In modal polyphonic music, the arrangement of cadences is called the “cadenza plan” (from German Kadenzplan), whose logic (according to the modality principle) is to “bypass the steps” of the scale ( German Stufengang ). In classical tonal music, the ultimate in cadences is used to judge the tonal plane . The cadence plan and tonal plan represent the pillars of the fret unfolded in time, that is, the core of the fret at the (macro) level of a holistic musical form .

Historical Review

In the indicated meaning, the term was first recorded in the “Musical Book” (Liber musices) of Florence de Faxolis (1496) [6] . Powerful development was gained in the musical theory of the 16th – 17th centuries (treatises of this time contain extremely extensive and not quite ordered cadence systematics) [7] . The classification adopted in the system of classic-romantic tonality goes back to J. F. Rameau (1737) [8] .

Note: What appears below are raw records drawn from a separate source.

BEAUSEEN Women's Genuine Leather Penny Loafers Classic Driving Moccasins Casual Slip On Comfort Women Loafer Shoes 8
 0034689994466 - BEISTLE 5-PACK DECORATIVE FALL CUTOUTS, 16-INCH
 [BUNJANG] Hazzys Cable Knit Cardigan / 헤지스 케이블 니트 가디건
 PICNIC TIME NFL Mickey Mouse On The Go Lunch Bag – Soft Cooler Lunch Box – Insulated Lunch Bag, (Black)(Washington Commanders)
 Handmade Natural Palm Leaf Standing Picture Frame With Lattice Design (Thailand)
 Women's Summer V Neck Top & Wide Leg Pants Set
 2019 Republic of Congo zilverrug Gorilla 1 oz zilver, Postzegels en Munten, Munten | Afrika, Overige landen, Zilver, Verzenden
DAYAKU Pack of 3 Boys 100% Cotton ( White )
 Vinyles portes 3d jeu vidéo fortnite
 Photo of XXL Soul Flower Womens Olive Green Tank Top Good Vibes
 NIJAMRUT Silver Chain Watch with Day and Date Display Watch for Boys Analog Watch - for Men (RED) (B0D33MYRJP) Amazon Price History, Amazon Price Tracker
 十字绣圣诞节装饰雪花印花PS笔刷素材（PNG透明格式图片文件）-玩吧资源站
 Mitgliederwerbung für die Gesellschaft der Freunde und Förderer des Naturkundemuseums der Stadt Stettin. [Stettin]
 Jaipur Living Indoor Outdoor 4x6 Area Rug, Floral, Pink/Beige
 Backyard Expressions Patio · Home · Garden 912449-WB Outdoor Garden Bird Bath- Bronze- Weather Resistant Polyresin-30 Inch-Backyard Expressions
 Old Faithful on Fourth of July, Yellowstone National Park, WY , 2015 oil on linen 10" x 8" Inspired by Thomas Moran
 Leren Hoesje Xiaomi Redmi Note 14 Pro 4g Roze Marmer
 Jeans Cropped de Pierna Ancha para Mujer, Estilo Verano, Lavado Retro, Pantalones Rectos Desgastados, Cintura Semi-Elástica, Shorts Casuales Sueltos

As a fact of musical practice, cadences were described long before Rameau. For example, the cadence, which in the textbooks of classical tonal harmony is standardly described as “interrupted,” in Italian treatises of the 16th – 17th centuries (starting with Zarlino and Vicentino ) was called “slipping away” (cadenza fuggita, or sfuggita), also a “cadenza that avoids the conclusion "(Cadenza che fugge la conclusione), also" false "(cadenza d'inganno). “Escaping” was understood extremely broadly, from violating stereotypes of golosnovedenie (when leading from the penultima to the ultimatum) until replacing the permissive chord with a pause.

Notes

  1. ↑ Especially in secular polyphonic songs, such as frottola and villanella , but also in “learned” refined genres - motets , madrigals , in a polyphonic mass , etc.
  2. ↑ This classification parameter is accepted in German and English musicology, but is not common in Russian. See, for example, German Wikipedia: Männlicher Schluss - Weiblicher Schluss .
  3. ↑ See also Natural modes .
  4. ↑ The term M.A. Saponova . See: Saponov M. A. Menzural rhythm and its climax in the work of Guillaume de Masho // Problems of musical rhythm. Moscow, 1978.
  5. ↑ For more details see: S. Lebedev, On the Modal Harmony of the XIV Century // History of Harmonic Styles: Foreign Music of the Pre-Classical Period. Moscow, 1987, ss. 5-32.
  6. ↑ The word itself (Latin substantive participle “cadentia”) in the musical theoretical context occurs already in the 14th century by Jacob Liege ; With the word cadentia, Jacob calls "the natural tendency (inclinatio) of imperfect consonance to perfect," that is, the elementary (two-membered) sonant cell "dissonance-consonance" (imperfect consonance-perfect consonance), regardless of its position in musical form.
  7. ↑ The earliest detailed classification of cadences (with numerous musical examples of polyphonic music) belongs to N. Vicentino (1555), the most influential - J. Tsarlino (“Fundamentals of Harmonica”, 1558).
  8. ↑ Rameau called any transition from dominant to tonic (cadence parfaite, “perfect cadence”) or from subdominant to tonic (cadence imparfaite “imperfect cadence”, or cadence irréguliere, “irregular cadence”) cadence , without regard to the poetic text or divisions “ absolute "musical form .

Literature

  • Smalzriedt S. Kadenz // Handwörterbuch der musikalischen Terminologie . Tübingen, 1974.
  • Kholopov Yu. N. Harmony. Theoretical course. Moscow, 1988.
  • Cadence // The Harvard Dictionary of Music , ed. by DMRandel. 4th ed. Cambridge (Mass.), 2003, p. 129-132.

Links

  • Smalzriedt S. Kadenz (article from the authoritative German Dictionary of Musical Terms ; provides a detailed historical overview of the term and concept)
  • Solovyov N.F. Kadans // Encyclopedic Dictionary of Brockhaus and Efron : 86 volumes (82 volumes and 4 additional). - SPb. , 1890-1907.